-- Problem description --
Only the lines from the beginning of the entries through the one that holds "Puppy Print Newborn" may appear in the answer, written out exactly and free of pictures.

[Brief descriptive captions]
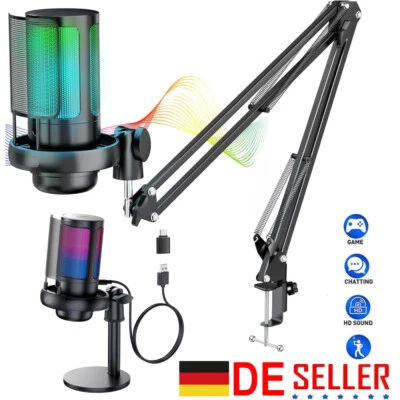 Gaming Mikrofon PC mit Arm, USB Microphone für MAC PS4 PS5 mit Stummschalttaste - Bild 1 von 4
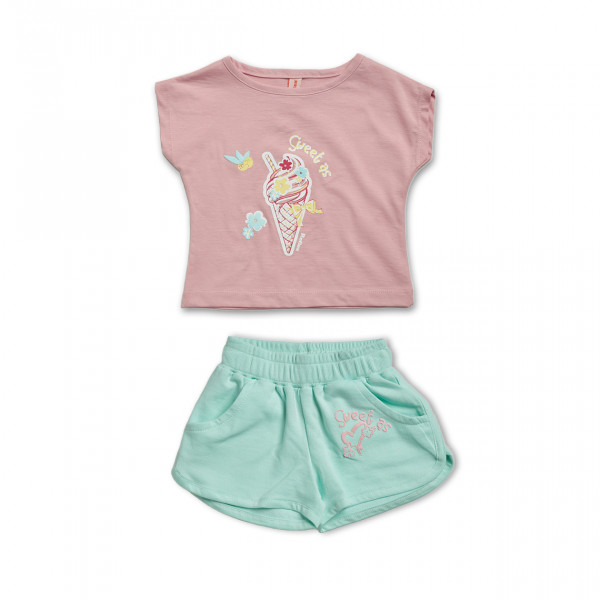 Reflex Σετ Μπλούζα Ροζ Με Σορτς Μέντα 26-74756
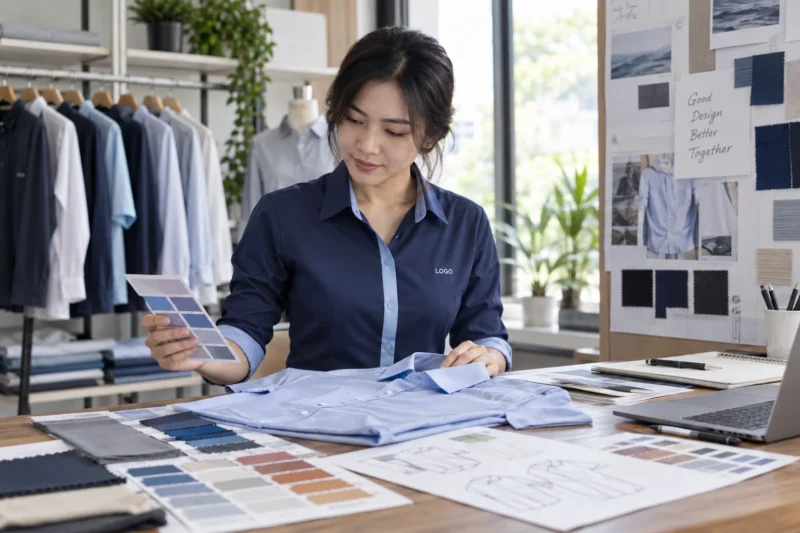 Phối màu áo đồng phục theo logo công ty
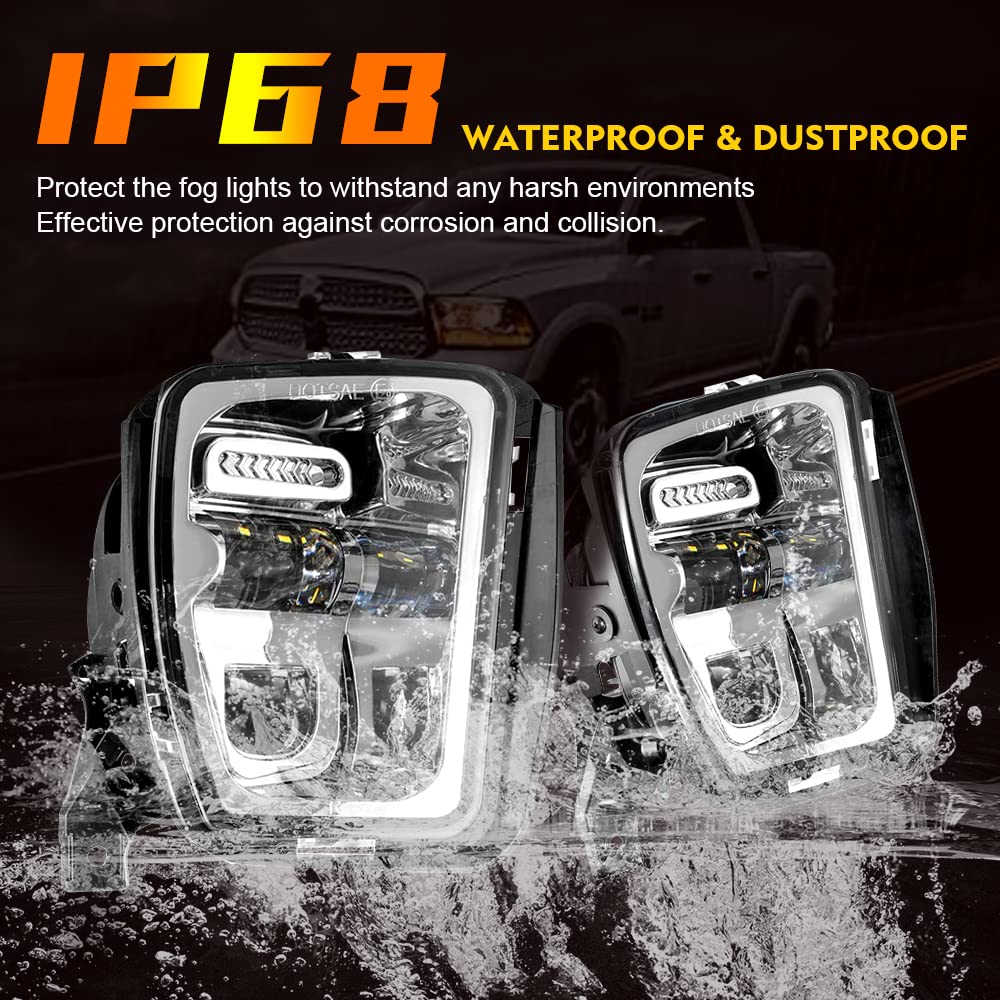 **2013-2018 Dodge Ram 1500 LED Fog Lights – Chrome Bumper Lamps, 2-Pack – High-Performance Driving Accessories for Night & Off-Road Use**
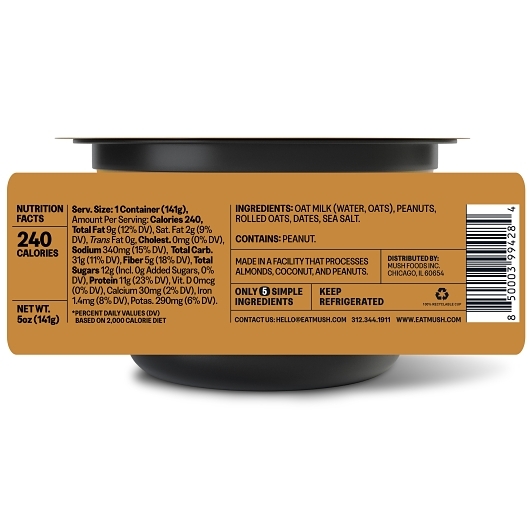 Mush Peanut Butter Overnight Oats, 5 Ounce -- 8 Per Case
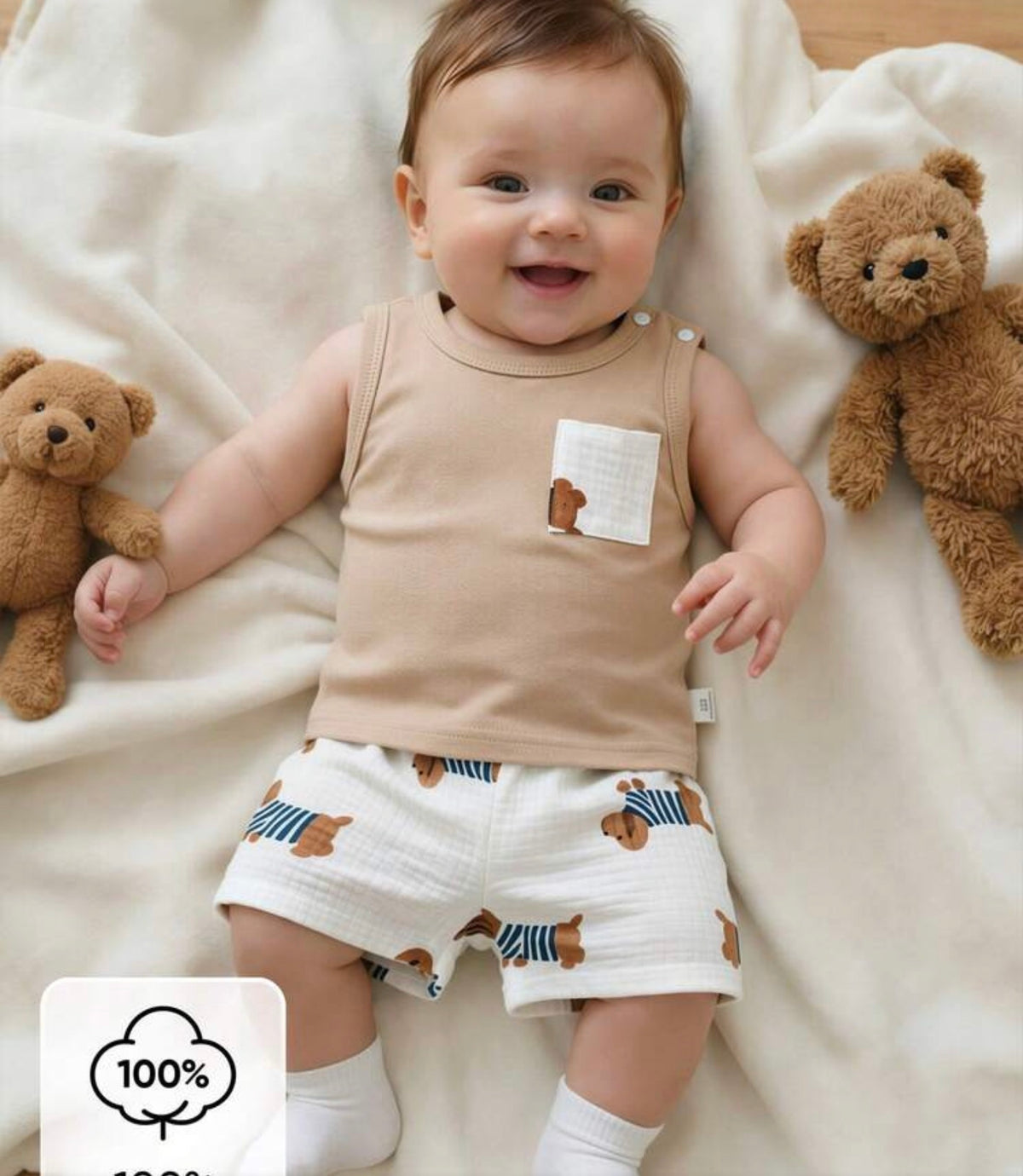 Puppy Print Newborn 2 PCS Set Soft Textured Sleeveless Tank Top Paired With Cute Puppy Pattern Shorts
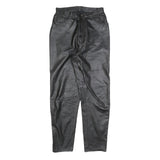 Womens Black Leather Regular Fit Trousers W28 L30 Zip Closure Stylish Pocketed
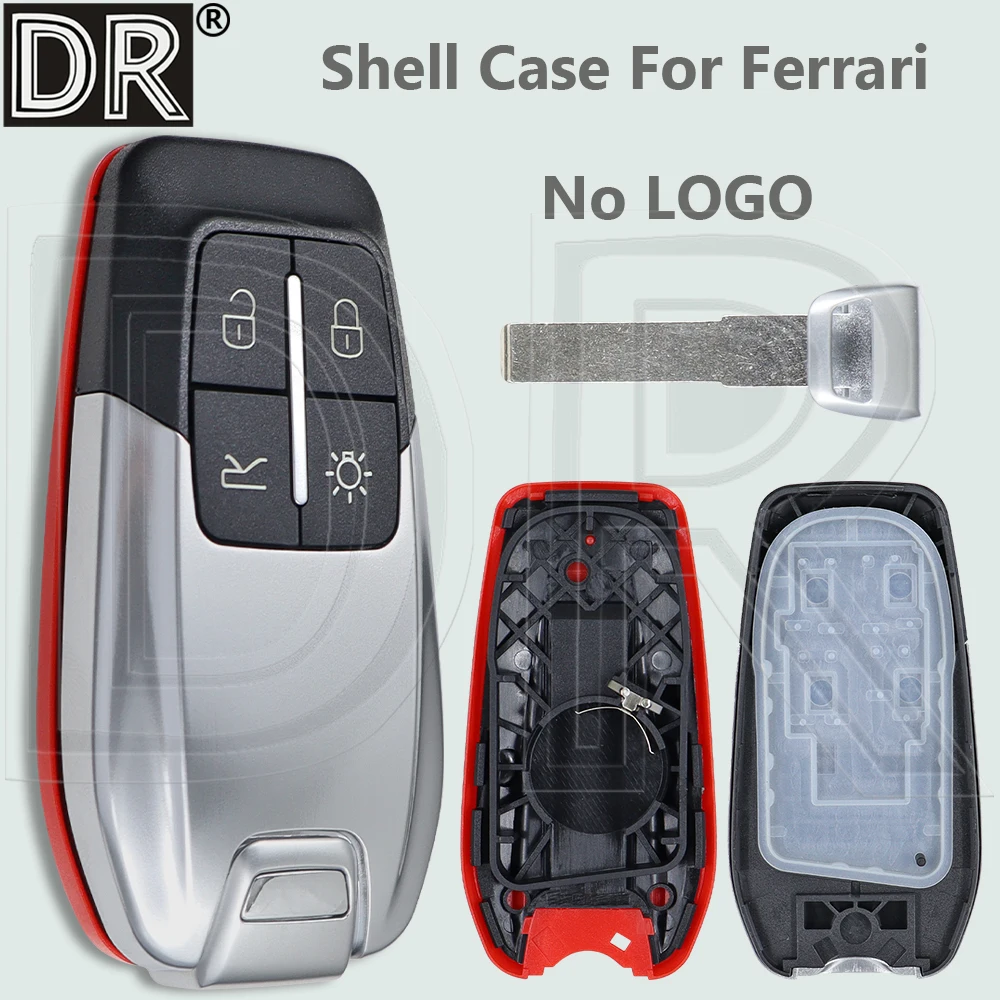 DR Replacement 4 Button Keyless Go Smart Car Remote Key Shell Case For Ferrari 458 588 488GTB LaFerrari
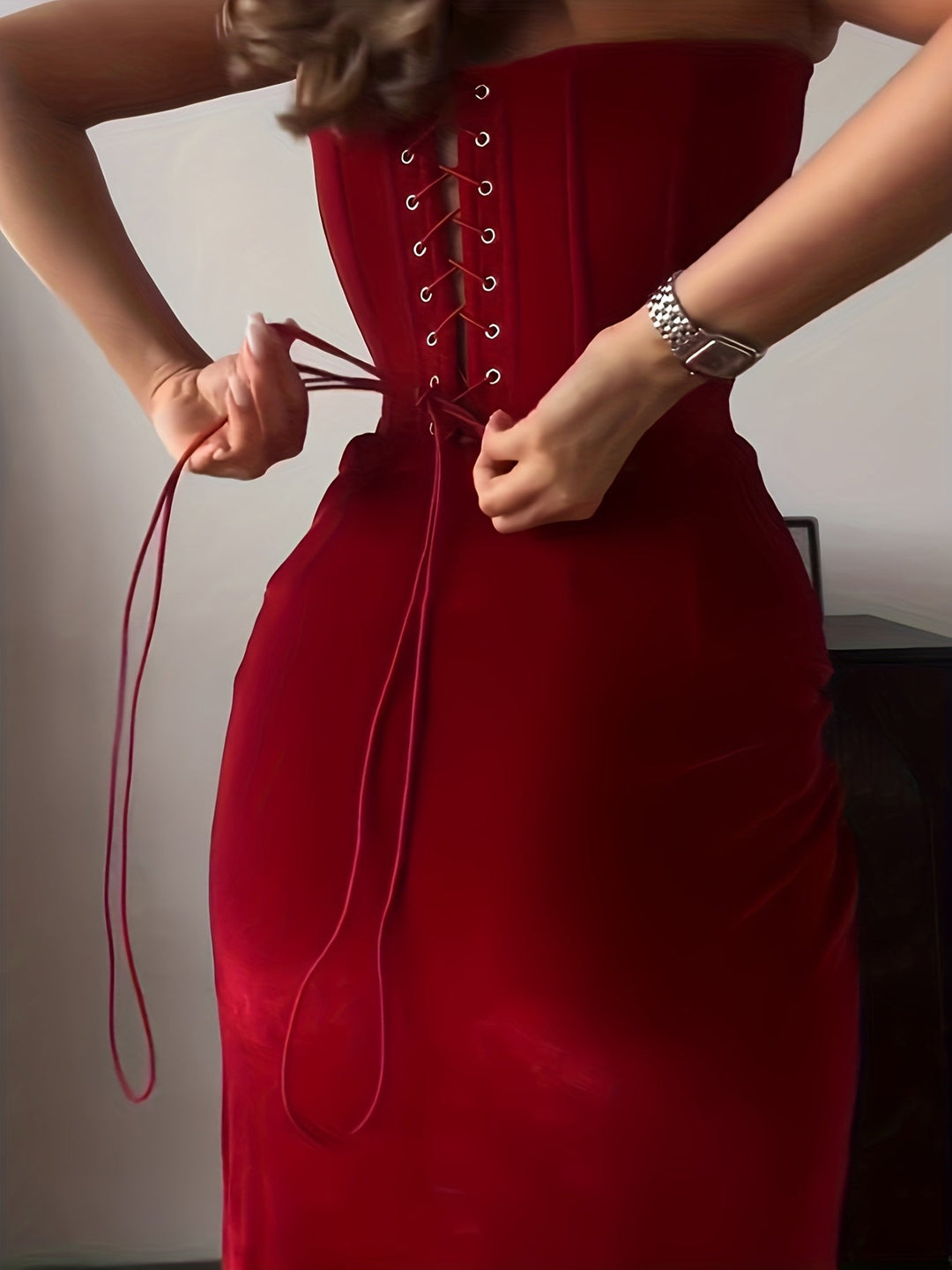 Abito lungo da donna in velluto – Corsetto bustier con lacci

-- Answer section --
 Gaming Mikrofon PC mit Arm, USB Microphone für MAC PS4 PS5 mit Stummschalttaste - Bild 1 von 4
 Reflex Σετ Μπλούζα Ροζ Με Σορτς Μέντα 26-74756
 Phối màu áo đồng phục theo logo công ty
 **2013-2018 Dodge Ram 1500 LED Fog Lights – Chrome Bumper Lamps, 2-Pack – High-Performance Driving Accessories for Night & Off-Road Use**
 Mush Peanut Butter Overnight Oats, 5 Ounce -- 8 Per Case
 Puppy Print Newborn 2 PCS Set Soft Textured Sleeveless Tank Top Paired With Cute Puppy Pattern Shorts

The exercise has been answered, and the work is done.